# DHS Internet Kill Switch



## Tactic12

Found this article. It's no Conspiracy Theory folks. Here's what a judge is looking into...

http://freepatriot.org/2013/11/14/i...orders-dhs-to-come-clean-on-killing-internet/


----------



## Fossil

And they wonder why folks hate this government...No surprise if true. I have noticed over the past year that the web is not quite the same as it used to be-very 'notchy' and unable to open several sites that I am sure are on a list the toadies keep handy. Ah well, let the pressure build a while.


----------



## Cast-Iron

Interesting post, Tactic12. This should help to make us all realize that we are only "allowed" to electronically communicate at the will of our Federal Communications Commission. If the government should ever find it in their best interest to intentionally keep us in the dark, they certainly have it in their capacity to quickly shut down any and all unwanted electronic communications (TV, radio, phones, internet, even ham radio). Something on my to do list has been to develop a set of contingency protocols for my immediate family members. A game plan if you will, so that we might independently operate more efficiently, effectively and cohesively in the event of nearly any potential crisis.


----------



## CulexPipiens

Cast-Iron said:


> Interesting post, Tactic12. This should help to make us all realize that we are only "allowed" to electronically communicate at the will of our Federal Communications Commission. If the government should ever find it in their best interest to intentionally keep us in the dark, they certainly have it in their capacity to quickly shut down any and all unwanted electronic communications (TV, radio, phones, internet, even ham radio). Something on my to do list has been to develop a set of contingency protocols for my immediate family members. A game plan if you will, so that we might independently operate more efficiently, effectively and cohesively in the event of nearly any potential crisis.

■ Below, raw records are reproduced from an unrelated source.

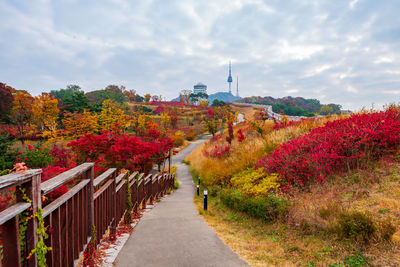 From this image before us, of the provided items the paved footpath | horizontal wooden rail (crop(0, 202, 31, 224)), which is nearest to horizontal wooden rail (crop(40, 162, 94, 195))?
horizontal wooden rail (crop(0, 202, 31, 224))

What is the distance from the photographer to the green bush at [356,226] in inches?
166

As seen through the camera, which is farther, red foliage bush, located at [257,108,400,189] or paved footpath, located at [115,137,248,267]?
red foliage bush, located at [257,108,400,189]

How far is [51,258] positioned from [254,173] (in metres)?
7.76

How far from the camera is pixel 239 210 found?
8.11 m

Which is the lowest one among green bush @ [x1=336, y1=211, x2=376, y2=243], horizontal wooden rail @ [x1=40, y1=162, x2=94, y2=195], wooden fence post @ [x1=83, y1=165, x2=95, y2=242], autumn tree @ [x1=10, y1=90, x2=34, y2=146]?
green bush @ [x1=336, y1=211, x2=376, y2=243]

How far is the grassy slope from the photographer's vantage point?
4.06 m

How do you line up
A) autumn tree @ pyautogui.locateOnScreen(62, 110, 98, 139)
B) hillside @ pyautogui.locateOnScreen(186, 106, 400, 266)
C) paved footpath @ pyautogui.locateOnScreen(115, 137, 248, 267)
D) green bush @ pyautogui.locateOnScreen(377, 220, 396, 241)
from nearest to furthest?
1. paved footpath @ pyautogui.locateOnScreen(115, 137, 248, 267)
2. green bush @ pyautogui.locateOnScreen(377, 220, 396, 241)
3. hillside @ pyautogui.locateOnScreen(186, 106, 400, 266)
4. autumn tree @ pyautogui.locateOnScreen(62, 110, 98, 139)

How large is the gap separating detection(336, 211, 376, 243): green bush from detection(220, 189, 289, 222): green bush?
5.59 ft

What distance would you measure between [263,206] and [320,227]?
184 centimetres

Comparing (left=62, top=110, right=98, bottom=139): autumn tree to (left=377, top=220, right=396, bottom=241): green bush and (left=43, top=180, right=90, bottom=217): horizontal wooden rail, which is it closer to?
(left=43, top=180, right=90, bottom=217): horizontal wooden rail

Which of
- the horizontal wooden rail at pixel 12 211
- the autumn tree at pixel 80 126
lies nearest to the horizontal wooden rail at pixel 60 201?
the horizontal wooden rail at pixel 12 211

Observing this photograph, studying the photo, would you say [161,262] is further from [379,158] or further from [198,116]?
[198,116]

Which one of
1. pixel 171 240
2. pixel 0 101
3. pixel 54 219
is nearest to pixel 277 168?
pixel 171 240

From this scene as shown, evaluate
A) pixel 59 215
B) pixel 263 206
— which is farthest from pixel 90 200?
pixel 263 206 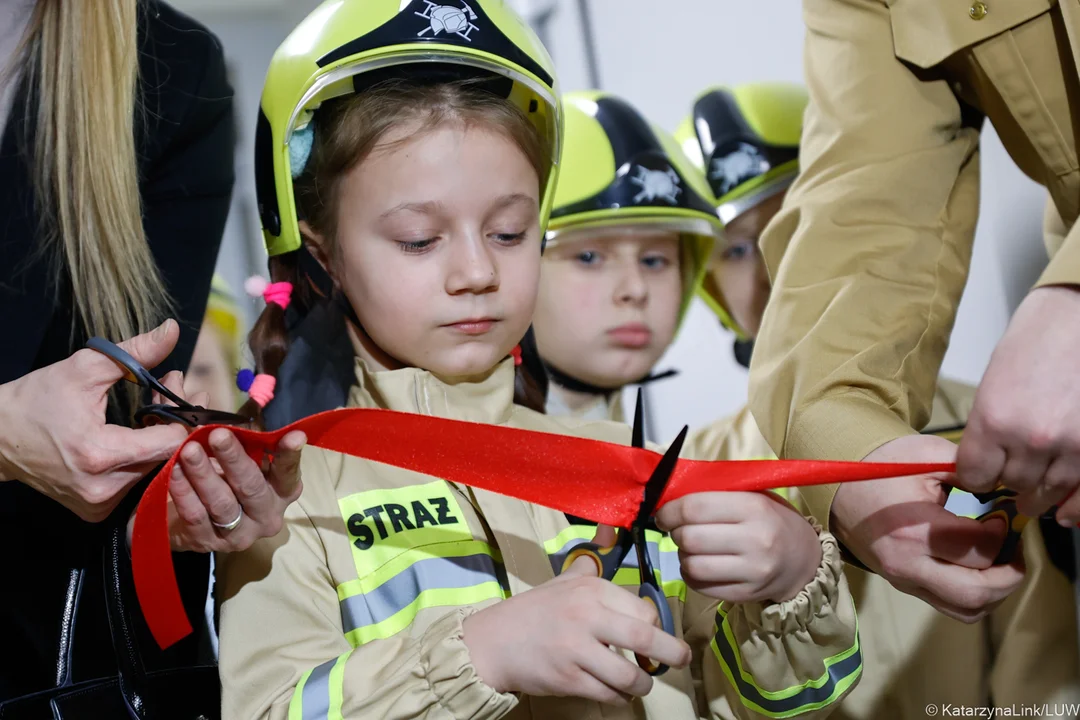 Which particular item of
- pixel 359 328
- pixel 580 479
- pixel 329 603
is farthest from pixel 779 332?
pixel 329 603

TV and Radio would be easier to shutdown as there aren't that many tranmission points... the internet, and since the phone system pretty much runs on a "version of the internet", was designed to withstand failures. Shutdowns look like failures and thus it would try to get around them. In the early days the internet mostly ran by IP numbers instead of all the www... names. The internet kill ability is mostly accomplished by stopping a few selected (name)servers that tranlate the www address back into IP numbers which is how the machines then communicate. As long as you know the IP of the server you want you'll probably still be able to communicate for quite awhile after the name servers are shutdown.

On a semi related note... at my office AT&T revealed to me that they want to meet with me to discuss migrating our existing analog class circuts over to digital IP circuits and that they have an internal goal of being all IP by 2020. What does this mean to you? As an analog circuit you have to effectively record the entire conversation when "listening in" like the NSA does. When the phone conversation has been converted to IP it's now packet data and you simply capture packets at will. Easier (relatively) to do, less equipment required and simpler to shutdown all phones too. If it's all IP traffic then at some point it's all crossing a few centralized very high end routers which would be pretty easy to tap/monitor/shut off.

Ham radio can't really be shut down... although it can be DFed (directional finding), which would let "them" pinpoint your location pretty quickly if it was legislatively shut down (i.e. banned). In this case, receiving would still be untraceable but transmitting is where the danger is. You'd have to be portable, short quick transmissions and then move, quickly, to a new location.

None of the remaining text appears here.